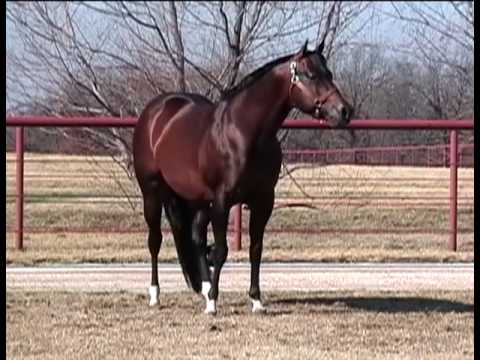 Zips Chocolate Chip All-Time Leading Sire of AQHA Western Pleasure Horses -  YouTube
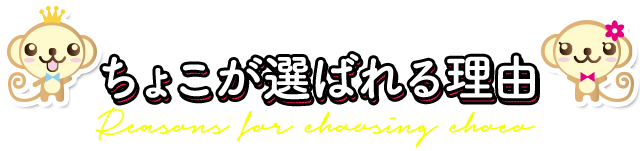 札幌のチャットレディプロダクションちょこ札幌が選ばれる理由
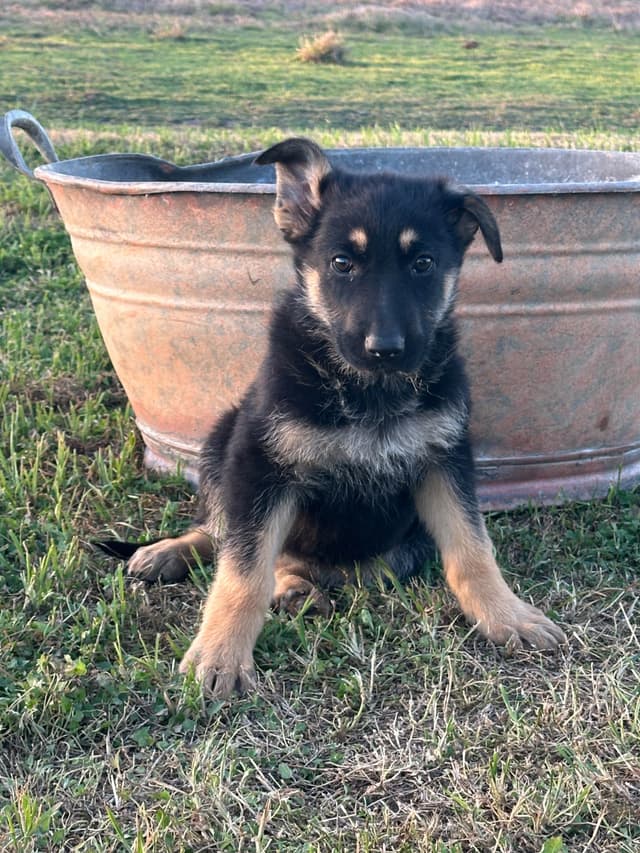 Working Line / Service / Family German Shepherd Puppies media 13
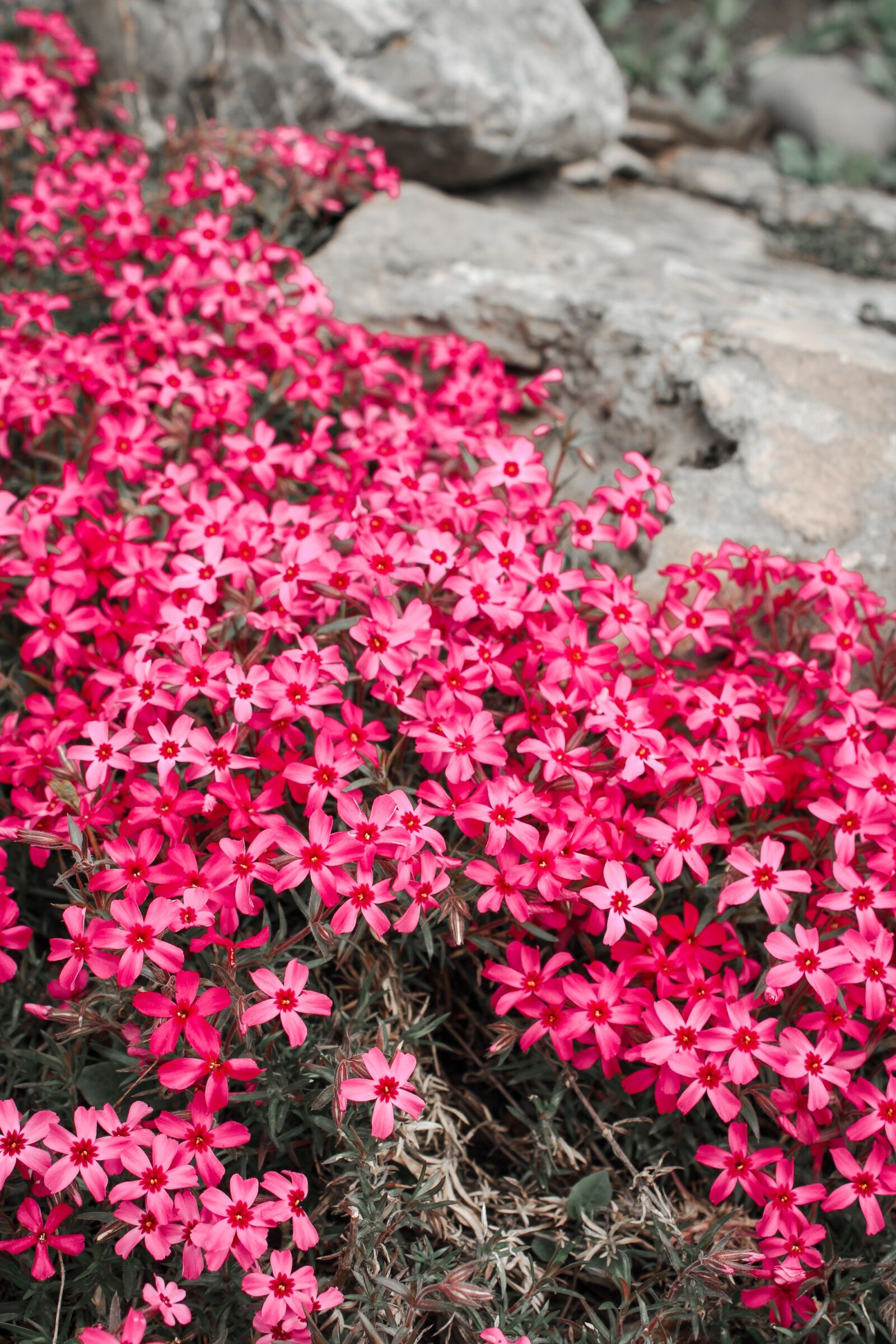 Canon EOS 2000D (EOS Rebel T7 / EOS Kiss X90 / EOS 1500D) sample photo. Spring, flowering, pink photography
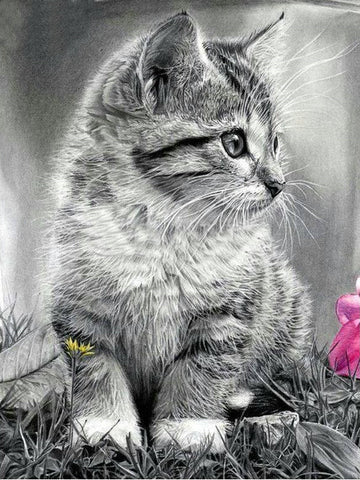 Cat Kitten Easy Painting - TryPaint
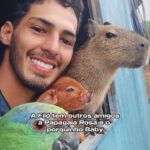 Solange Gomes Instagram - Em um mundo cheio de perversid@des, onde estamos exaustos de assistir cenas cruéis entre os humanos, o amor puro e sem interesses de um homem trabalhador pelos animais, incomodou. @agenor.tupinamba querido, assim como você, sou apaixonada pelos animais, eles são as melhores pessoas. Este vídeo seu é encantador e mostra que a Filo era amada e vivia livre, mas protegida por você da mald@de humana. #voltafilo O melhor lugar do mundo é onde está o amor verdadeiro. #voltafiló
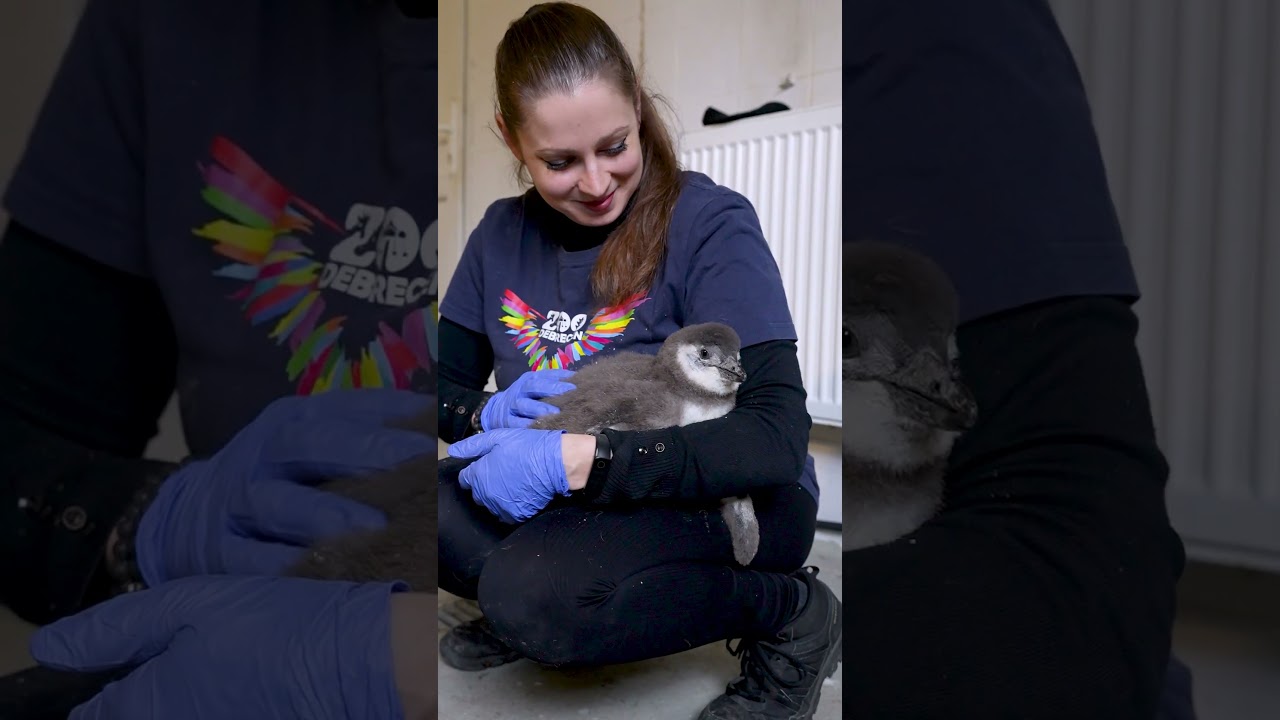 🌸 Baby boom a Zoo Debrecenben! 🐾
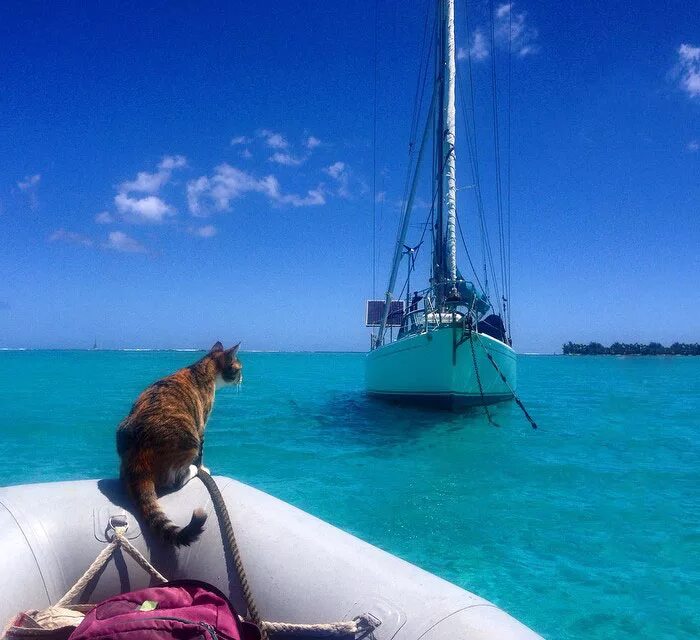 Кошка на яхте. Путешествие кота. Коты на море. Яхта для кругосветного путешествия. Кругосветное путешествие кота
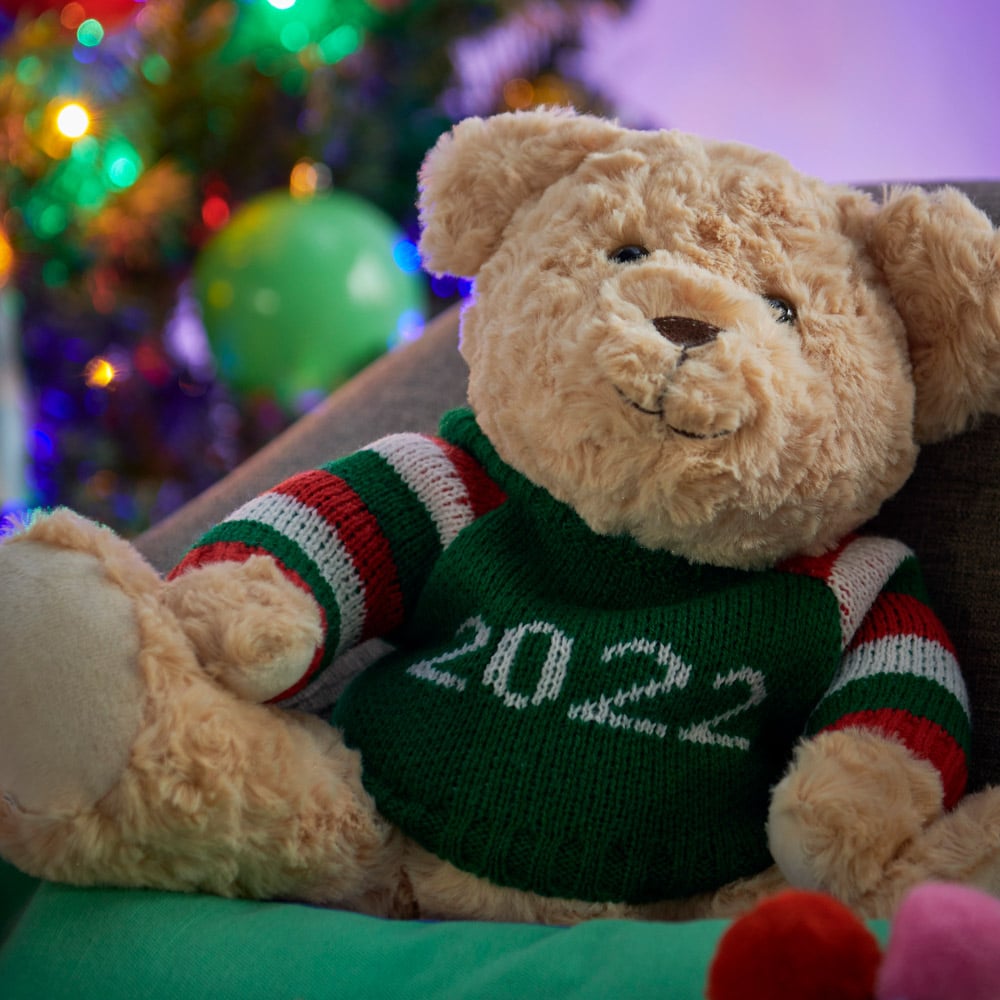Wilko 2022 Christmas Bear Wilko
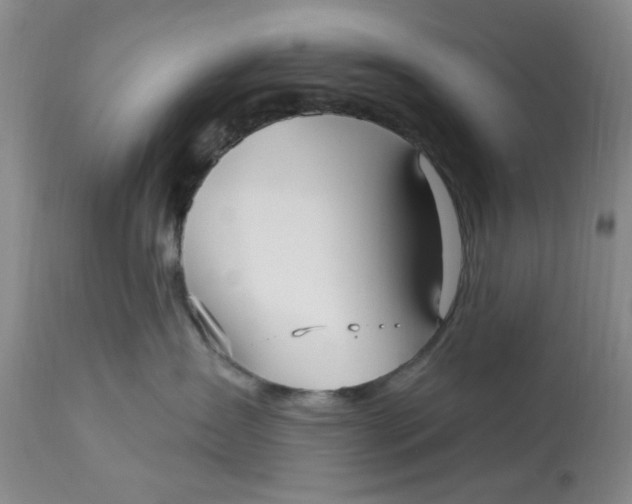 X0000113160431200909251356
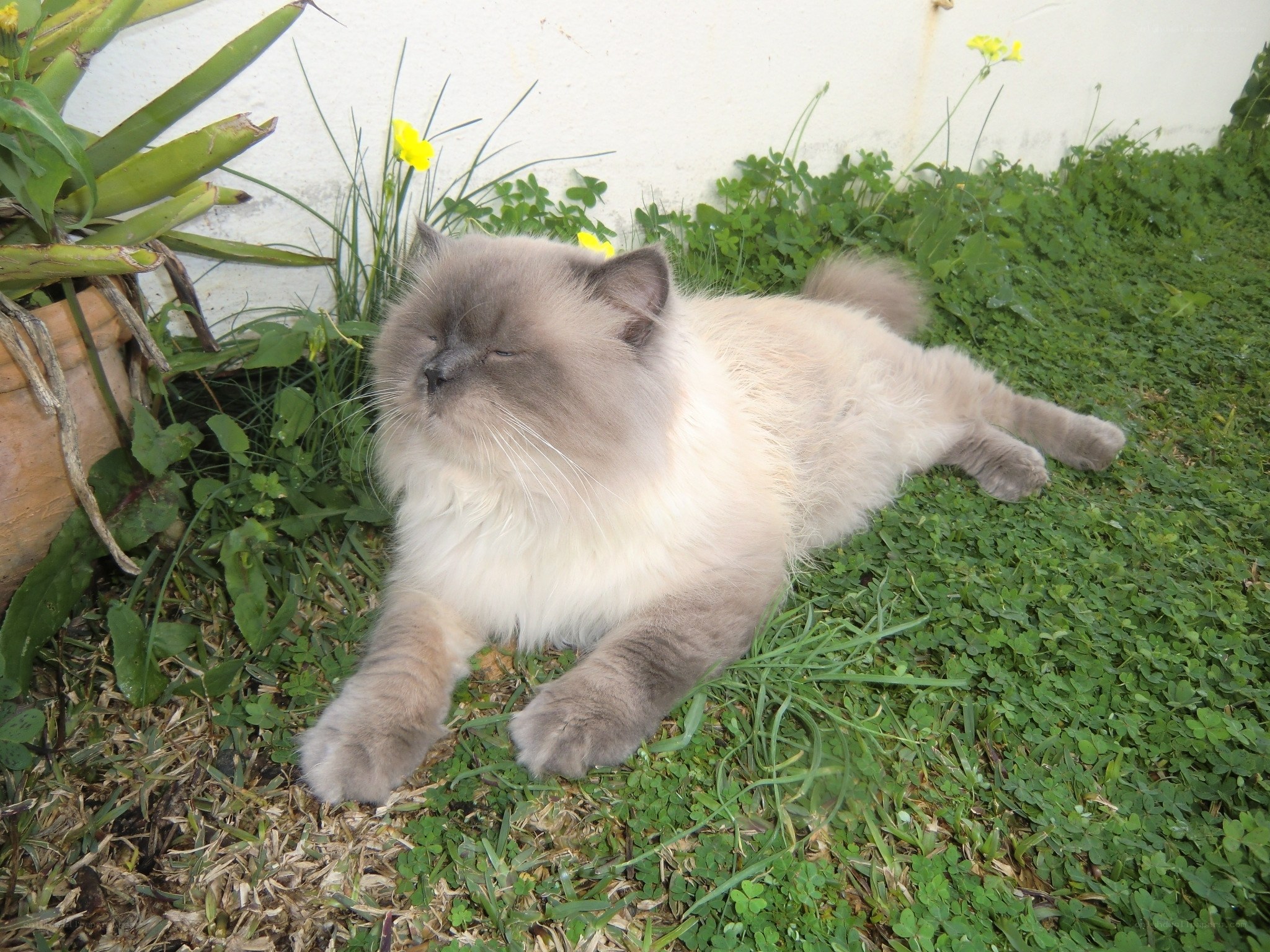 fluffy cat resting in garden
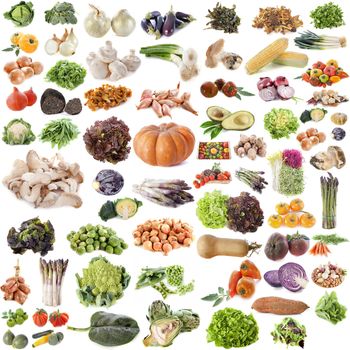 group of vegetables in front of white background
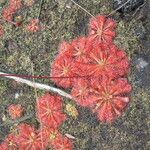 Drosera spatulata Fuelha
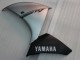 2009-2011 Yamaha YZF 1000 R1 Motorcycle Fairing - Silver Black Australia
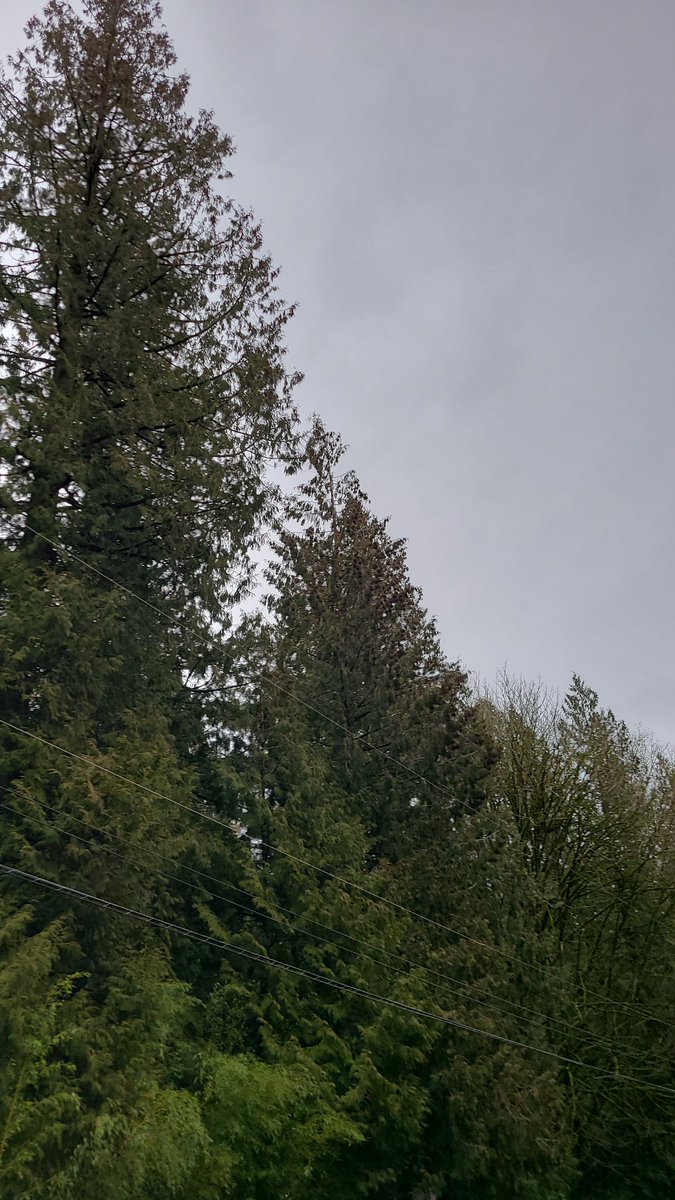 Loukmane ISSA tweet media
__________
▸ **Exercise**:
The range to copy runs from the line with "Drosera spatulata Fuelha" to the last line of the entries, both included; copy it exactly and leave out the pictures.

▸ **Expected output**:
 Drosera spatulata Fuelha
 2009-2011 Yamaha YZF 1000 R1 Motorcycle Fairing - Silver Black Australia
 Loukmane ISSA tweet media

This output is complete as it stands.